Halakhah 1,1: Ai giorni di Enosh, i figli dell'uomo commisero un grave errore e gli uomini di quella generazione presero una decisione contraria alla saggezza. Enosh stesso fu tra coloro che caddero in errore, dando inizio a quello che sarebbe diventato il culto degli astri.
Il loro errore fu il seguente. Essi dissero: —Dio creò stelle e sfere celesti per controllare il mondo. Le pose in alto e le trattò con onore, rendendole servitori che governassero per Lui—. Pensarono dunque che fosse volontà di Dio che gli uomini magnificassero e onorassero ciò che Lui stesso aveva magnificato, proprio come un re desidera che siano onorati i ministri che stanno al suo cospetto, vedendo in questo un'espressione di onore verso il re stesso.
Sulla base di questa idea, cominciarono a edificare templi alle stelle e a offrire loro sacrifici. Le glorificavano con preghiere e si prostravano a esse, convinti, nella loro erronea concezione, di seguire la volontà del Creatore. Questa fu l'essenza del culto degli astri (Avodat Kochavim) nelle sue fasi iniziali.

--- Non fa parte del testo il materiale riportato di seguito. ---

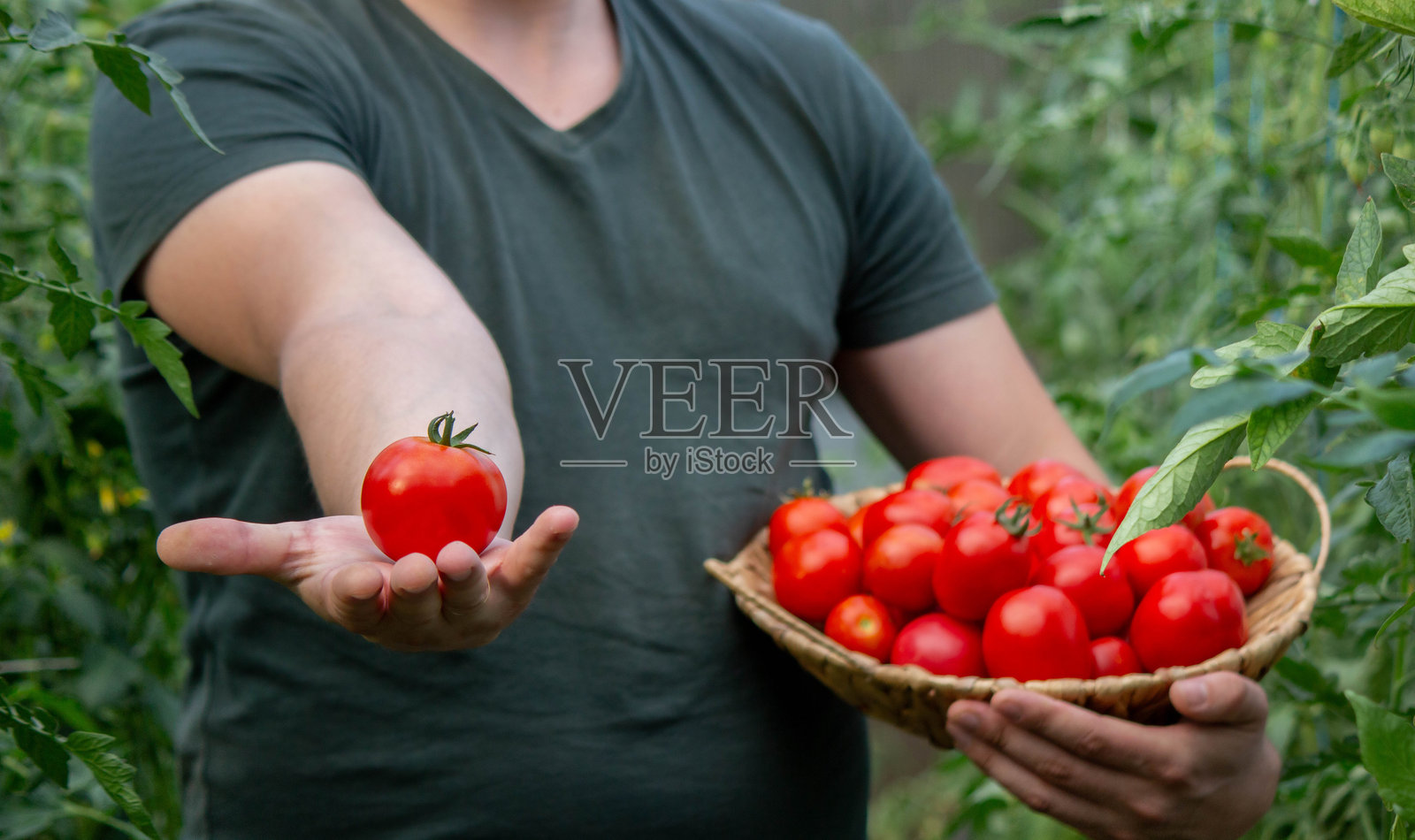 一位男性农民手里拿着西红柿。有选择性的重点照片摄影图片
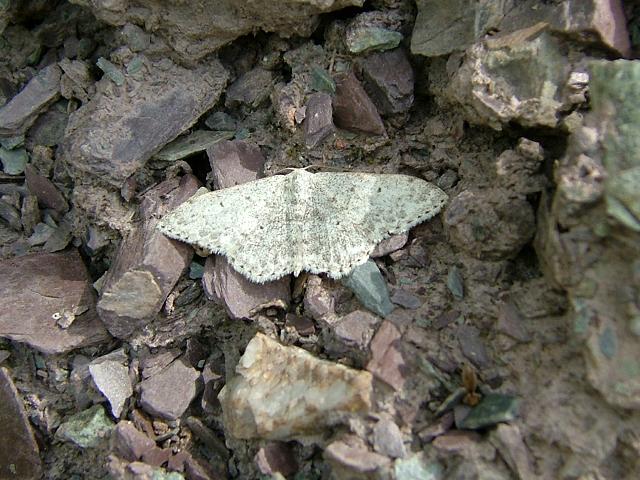 Idaea sylvestraria Dotted Border Wave Moth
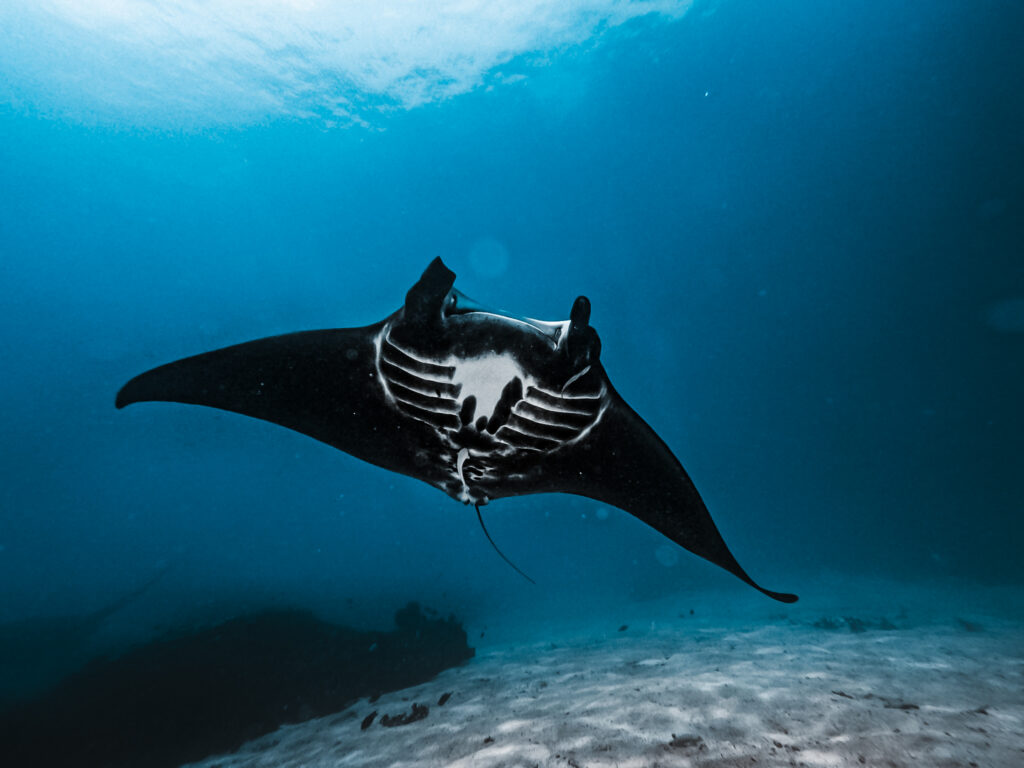 Duiken in Gam, Raja Ampat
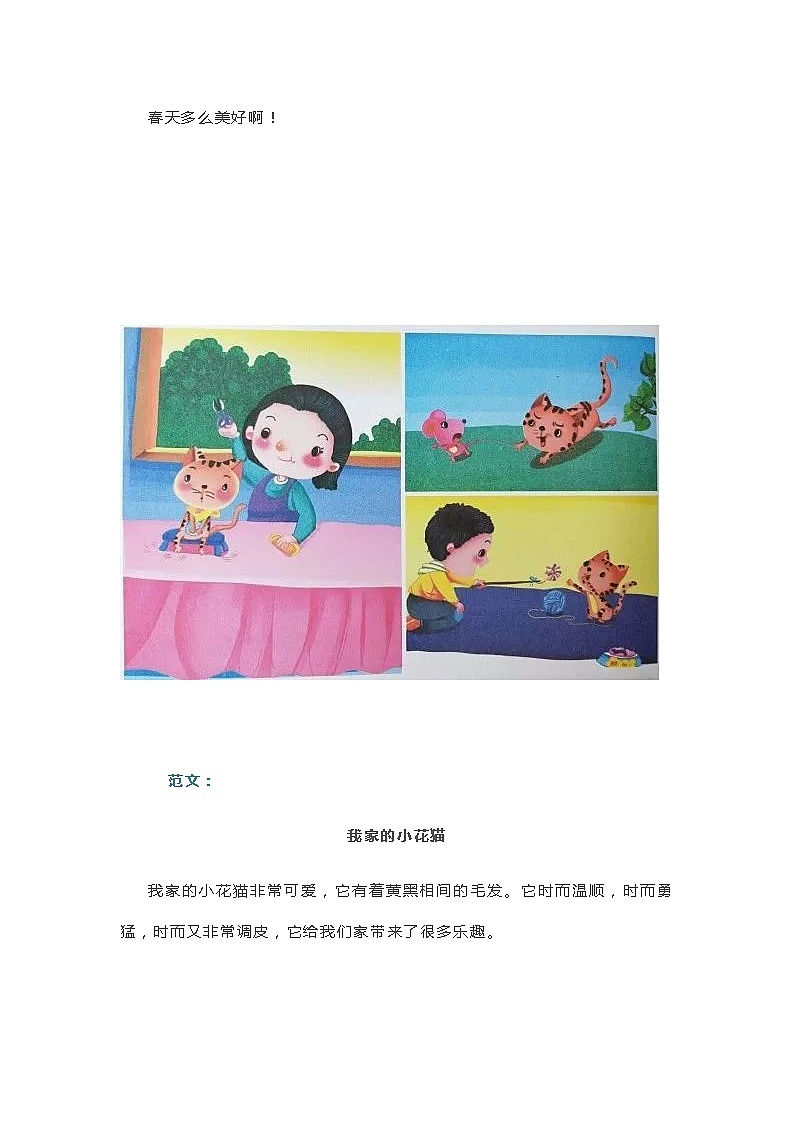 部编版二年级下册语文看图写话范文精选 学案03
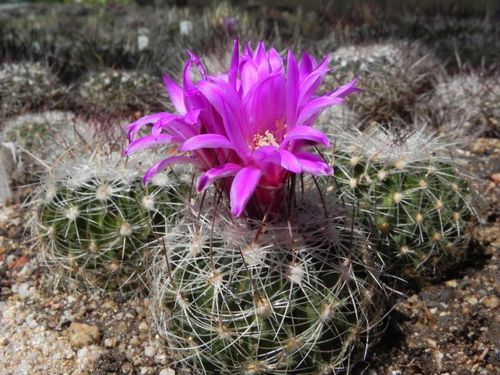 Echinofossulocactus sp. Molinitos GM 1541 ve sbrce, rok 2016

È ciò che il profeta Geremia intendeva dire: —Chi non Ti temerà, Re delle nazioni? Poiché a Te si deve il timore. Fra tutti i saggi delle nazioni e in tutti i loro regni non c'è nessuno come Te. Tutti sono stolti e insensati; la loro dottrina vana non è che un pezzo di legno— (Geremia 10,7-8).
Tutti comprendevano che Dio è l'unico Essere supremo, ma la loro follia consisteva nel concepire la vanità (Hevel) — ovvero le creature intermedie — come un'emanazione necessaria della Sua volontà a cui rendere culto.
Note:
1. In Genesi 4,26 si legge: —A Sheth nacque un figlio al quale pose nome Enosh. Allora si cominciò a invocare il nome di Dio—. Rashi commenta che —invocare— va inteso qui come l'inizio della profanazione e della bestemmia. Il Bereshit Rabbah (24,6) aggiunge che all'epoca di Enosh l'aspetto degli uomini mutò e divennero preda delle forze spirituali negative (demoni), poiché chi si inchina a un uomo o a una statua degrada la propria immagine divina.
2. In Genesi 1,14 si parla dei luminari posti nel cielo —per presiedere—. In questo termine è racchiuso il rapporto tra l'uomo e il tempo astrale, ma anche la radice dell'interpretazione astrologica che il Rambam identifica come base dell'idolatria.
3. Si riprende un'antica idea rabbinica secondo cui ogni culto, inizialmente, nasceva come un riconoscimento indiretto di Hashem, poi distorto dalla mediazione degli astri.
4. Il riferimento al —pezzo di legno— di Geremia riguardava originariamente i culti di Astarte (Asherot). Il Rambam lo applica alla vacuità di ogni rappresentazione fisica della divinità.
5. Il termine ebraico —Hevel— significa letteralmente —soffio— o —vapore—. Come in Qohelet (Ecclesiaste), indica la precarietà e la vanità delle cose materiali elevate a divinità.